SALT LAKE CITY — A Utah ski area that is one of the last US ski resorts to prohibit snowboarding says a lawsuit challenging the ban demeans the Constitution and should be thrown out.
In a lawsuit filed in federal court in January, four snowboarders asserted discrimination on national forest lands that make up most of the Alta ski area in the mountains east of Salt Lake City. Their attorneys argued that the ban violates the 14th Amendment’s promise of equal treatment.

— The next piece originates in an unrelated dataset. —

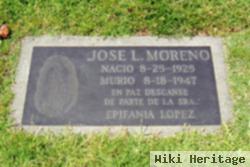Jose L Moreno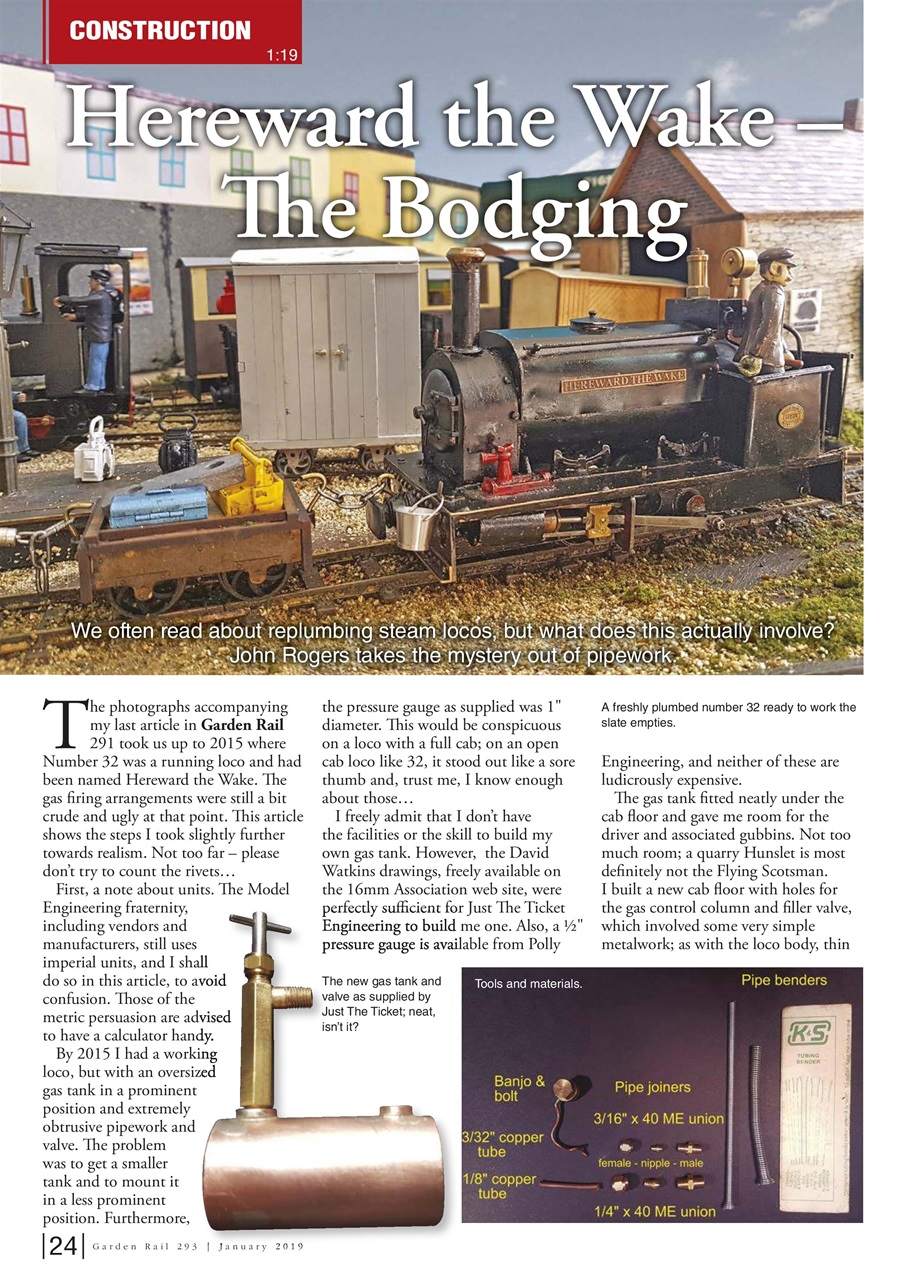 Garden Rail Preview Pages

“It demeans the Constitution to suggest that the amendment that protected the interests of former slaves during Reconstruction and James Meredith and the Little Rock Nine must be expanded to protect the interests of those who engage in a particularized winter sport,” Alta ski area lawyers wrote in a rebuttal filed late last week.
The attorneys later added: “There is no authority holding that the zone of interest created by the Fourteenth Amendment protects those who stand sideways on snowboards.”
Alta also reminds the court that it is a privately owned business with the right to make decisions it determines are best for the corporation. Its permit with the Forest Service allows it to restrict any type of skiing device that creates an “unnecessary risk to other skiers.”
The snowboarders contend in the lawsuit that Alta dislikes them for their allegedly reckless activity on the slopes, inconsiderate attitude, baggy clothes, and their overuse of such words as “gnarly” and “radical” when describing difficult terrain.
Alta attorneys acknowledge in the brief that they promote the snowboarder-free experience to lure skiers. They say that skiers find the slopes at Alta more peaceful, safe, and enjoyable because they don’t have to worry about being hit by snowboarders whose sideways stance leaves them with a blind spot that can make their wide, sweeping turns a danger to others on the slopes.
Skiers, in contrast, don’t have blind spots because the face forward as they speed down the slopes.
The other two resorts that ban snowboarding are Deer Valley, another Utah resort, and Mad River Glen in Vermont. Taos in New Mexico relented in 2009 and allowed the practice.
The lawsuit has reignited a long-festering culture clash on the slopes between skiers and snowboarders.
The plaintiffs in the lawsuit — Rick Alden, Drew Hicken, Bjorn Leines, and Richard Vargas — bought tickets to Alta in January knowing they would be turned away at the chairlifts and could then sue the resort. One of them later sneaked onto the lift using “split boards” — a snowboard that splits apart and resembles skis — but was intercepted and escorted down the mountain.
The lawsuit concedes that snowboarders were “perhaps rightfully” stereotyped as riffraff decades ago by more sophisticated and affluent skiers, but times have changed.